Why freeze your credit?

A credit freeze can be a good idea if you think you might be a victim of identity theft, especially if you experience any of the following:

  • Credit accounts or inquiries on your credit report from lenders you don’t recognize
  • Bills or collection notices for debts you didn’t authorize
  • Notifications that you may be a victim of a data breach
  • Alerts of unusual or unauthorized activity from your banks or lenders

Because a credit freeze doesn’t impact your ability to build credit, some people freeze their credit as a safeguard even when there is no immediate risk of fraud. This can be a convenient way to protect yourself if you don’t plan to open any new accounts in the near future.

How do you freeze your credit?

To freeze your credit, you must contact each of the 3 major credit bureaus and request a credit freeze. Otherwise, you may not be fully protected. 

There are several ways to do this: 

  • Online: You can request a credit freeze by logging into each of the credit bureaus’ websites or creating an account if you don’t already have one. 
  • Phone: You can request a credit freeze over the phone by calling each of the major credit bureaus. 
  • Mail: You may also freeze your credit by mail. To do this, you’ll need to send the required materials to each of the 3 credit bureaus. You may need a downloadable credit freeze form, as well as documents and information showing proof of identity and address, such as your Social Security number, pay stubs and utility bills. 

The time it takes to freeze your credit depends on the method. For example, if you request a freeze online or by phone, the credit bureaus must freeze your credit within 1 business day. The process is slower if you request via mail. In that case, the credit bureaus must freeze your credit within 3 business days of receiving your request. 

Things to know before a credit freeze

While freezing your credit can help protect you from certain types of fraud, here are a few things you should know: 

  • The credit-freeze process: The credit freeze process can vary from credit bureau to credit bureau. You may want to create an account with each of them or save their phone numbers. 
  • The limitations: A freeze can only prevent new accounts from being opened in your name. It doesn’t impact already opened accounts, including any that fraudsters may have opened. In addition, it doesn’t prevent other forms of fraud like unauthorized account access or stolen credit cards. 
  • The implications: While a credit freeze can help prevent scammers from opening new accounts on your behalf, it also prevents you from opening any new credit accounts. Fortunately, you can easily unfreeze your credit when you need to give a bank or lender access to your credit information and freeze your credit again after. 

How to unfreeze your credit

You can unfreeze (or “thaw”) your credit the same way you can freeze it — online, by phone or by mail.
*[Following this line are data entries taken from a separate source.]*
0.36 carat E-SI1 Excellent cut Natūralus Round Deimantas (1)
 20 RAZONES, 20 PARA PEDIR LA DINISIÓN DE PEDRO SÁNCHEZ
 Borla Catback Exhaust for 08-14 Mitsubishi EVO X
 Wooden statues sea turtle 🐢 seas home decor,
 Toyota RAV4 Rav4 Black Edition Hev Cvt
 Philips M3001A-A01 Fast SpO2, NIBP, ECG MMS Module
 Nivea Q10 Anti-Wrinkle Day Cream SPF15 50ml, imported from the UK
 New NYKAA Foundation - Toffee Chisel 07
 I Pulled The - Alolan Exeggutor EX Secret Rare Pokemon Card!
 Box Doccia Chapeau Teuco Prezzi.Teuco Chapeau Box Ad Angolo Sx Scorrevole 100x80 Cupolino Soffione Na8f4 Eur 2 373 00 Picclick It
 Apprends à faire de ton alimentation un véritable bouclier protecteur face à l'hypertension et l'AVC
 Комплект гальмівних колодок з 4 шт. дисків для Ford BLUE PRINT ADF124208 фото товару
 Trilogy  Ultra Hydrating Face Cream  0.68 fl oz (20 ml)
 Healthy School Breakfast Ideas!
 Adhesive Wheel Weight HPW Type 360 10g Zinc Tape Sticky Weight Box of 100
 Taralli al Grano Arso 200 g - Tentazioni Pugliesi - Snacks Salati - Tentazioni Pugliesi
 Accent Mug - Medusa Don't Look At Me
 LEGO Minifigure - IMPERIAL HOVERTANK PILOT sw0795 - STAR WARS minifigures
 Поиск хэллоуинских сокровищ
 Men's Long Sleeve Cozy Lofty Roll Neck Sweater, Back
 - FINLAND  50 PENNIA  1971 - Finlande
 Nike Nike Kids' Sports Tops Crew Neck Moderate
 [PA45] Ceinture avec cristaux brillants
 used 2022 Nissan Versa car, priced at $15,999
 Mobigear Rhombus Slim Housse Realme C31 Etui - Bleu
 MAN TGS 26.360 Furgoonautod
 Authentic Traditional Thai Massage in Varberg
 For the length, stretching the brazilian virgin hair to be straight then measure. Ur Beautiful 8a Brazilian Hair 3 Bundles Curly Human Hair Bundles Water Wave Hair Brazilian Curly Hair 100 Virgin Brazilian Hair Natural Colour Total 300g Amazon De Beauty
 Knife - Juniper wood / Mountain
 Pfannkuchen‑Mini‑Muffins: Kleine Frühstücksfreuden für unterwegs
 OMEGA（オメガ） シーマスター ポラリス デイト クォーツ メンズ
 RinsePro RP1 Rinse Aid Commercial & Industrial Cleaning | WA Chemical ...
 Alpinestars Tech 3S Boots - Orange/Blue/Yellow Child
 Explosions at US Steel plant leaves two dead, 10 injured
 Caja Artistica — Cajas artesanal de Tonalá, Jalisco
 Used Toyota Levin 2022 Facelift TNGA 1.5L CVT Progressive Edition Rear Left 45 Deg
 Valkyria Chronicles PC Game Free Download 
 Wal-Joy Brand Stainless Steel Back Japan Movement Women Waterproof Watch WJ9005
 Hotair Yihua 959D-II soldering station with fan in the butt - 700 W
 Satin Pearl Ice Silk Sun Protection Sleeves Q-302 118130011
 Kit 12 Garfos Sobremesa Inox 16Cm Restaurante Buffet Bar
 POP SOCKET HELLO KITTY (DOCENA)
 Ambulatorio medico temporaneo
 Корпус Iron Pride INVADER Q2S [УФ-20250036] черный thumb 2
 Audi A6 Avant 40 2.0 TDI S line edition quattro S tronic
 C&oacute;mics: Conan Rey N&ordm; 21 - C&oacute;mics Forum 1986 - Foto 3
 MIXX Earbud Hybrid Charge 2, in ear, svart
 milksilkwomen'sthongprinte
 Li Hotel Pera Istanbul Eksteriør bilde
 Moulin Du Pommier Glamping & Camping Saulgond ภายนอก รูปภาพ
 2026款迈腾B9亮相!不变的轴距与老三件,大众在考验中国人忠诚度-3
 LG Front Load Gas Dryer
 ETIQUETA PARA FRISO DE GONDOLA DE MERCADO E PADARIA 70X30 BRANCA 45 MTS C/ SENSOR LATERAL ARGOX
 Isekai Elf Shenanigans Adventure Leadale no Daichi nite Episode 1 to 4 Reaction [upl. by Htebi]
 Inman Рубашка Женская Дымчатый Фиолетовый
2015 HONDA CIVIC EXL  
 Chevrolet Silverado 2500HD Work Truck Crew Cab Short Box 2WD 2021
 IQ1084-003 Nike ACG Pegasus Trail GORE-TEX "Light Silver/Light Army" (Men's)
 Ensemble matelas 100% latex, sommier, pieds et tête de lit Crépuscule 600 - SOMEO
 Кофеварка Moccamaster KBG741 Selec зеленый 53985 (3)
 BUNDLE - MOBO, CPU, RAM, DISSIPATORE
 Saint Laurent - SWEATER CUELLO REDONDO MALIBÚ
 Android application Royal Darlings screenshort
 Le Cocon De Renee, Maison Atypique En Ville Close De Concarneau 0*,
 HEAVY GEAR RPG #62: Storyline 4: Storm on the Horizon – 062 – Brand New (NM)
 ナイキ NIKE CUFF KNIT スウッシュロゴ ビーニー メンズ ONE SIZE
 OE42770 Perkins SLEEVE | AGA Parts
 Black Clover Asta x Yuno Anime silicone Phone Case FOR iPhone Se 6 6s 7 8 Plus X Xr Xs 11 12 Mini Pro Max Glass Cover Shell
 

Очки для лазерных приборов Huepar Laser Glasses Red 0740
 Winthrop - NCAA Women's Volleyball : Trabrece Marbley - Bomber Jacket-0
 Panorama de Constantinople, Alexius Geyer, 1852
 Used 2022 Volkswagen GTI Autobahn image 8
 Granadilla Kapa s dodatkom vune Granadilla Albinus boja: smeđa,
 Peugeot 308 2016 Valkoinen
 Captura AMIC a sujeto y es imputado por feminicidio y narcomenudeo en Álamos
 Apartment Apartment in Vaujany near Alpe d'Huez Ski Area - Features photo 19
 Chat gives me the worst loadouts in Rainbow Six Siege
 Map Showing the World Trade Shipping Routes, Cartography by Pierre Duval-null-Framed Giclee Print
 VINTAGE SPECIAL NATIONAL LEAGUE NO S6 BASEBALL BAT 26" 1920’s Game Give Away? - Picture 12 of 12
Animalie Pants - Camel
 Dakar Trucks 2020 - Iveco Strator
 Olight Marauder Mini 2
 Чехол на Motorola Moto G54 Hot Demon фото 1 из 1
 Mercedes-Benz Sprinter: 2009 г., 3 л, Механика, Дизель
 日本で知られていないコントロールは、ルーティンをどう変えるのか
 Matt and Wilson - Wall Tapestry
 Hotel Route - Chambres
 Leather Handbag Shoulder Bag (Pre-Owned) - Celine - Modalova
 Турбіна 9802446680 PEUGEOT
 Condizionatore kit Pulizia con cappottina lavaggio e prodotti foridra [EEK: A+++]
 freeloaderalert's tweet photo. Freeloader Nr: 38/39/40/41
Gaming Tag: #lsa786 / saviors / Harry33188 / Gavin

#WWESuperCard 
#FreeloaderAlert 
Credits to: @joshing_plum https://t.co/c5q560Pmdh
You can permanently thaw your credit, or you may temporarily thaw it by selecting a date range for the thaw. 

How long does it take to lift a credit freeze?

If you thaw your credit online or by phone, credit bureaus must complete the request within 1 hour. If you make your request by mail, they must complete it within 3 business days.

Credit freeze FAQs 

Is there a difference between a credit lock and a credit freeze?

Both credit locks and credit freezes prevent your credit report from being used to open new accounts, but there are key differences. While credit freezes are free and governed by federal law, credit locks are not. Credit locks can offer convenience — you may unlock it instantly using an app — but the service may cost money. 

How does a fraud alert compare to a credit freeze?

Similar to credit freezes, you are legally entitled to free fraud alerts. All 3 major credit bureaus offer fraud alerts. However, unlike a credit freeze, a fraud alert doesn’t block access to your credit report. Instead, it requires creditors to verify your identity before opening a new credit account in your name. Once you notify 1 of the credit bureaus, they are required to contact the other 2 bureaus, which must then place a fraud alert on your credit report. 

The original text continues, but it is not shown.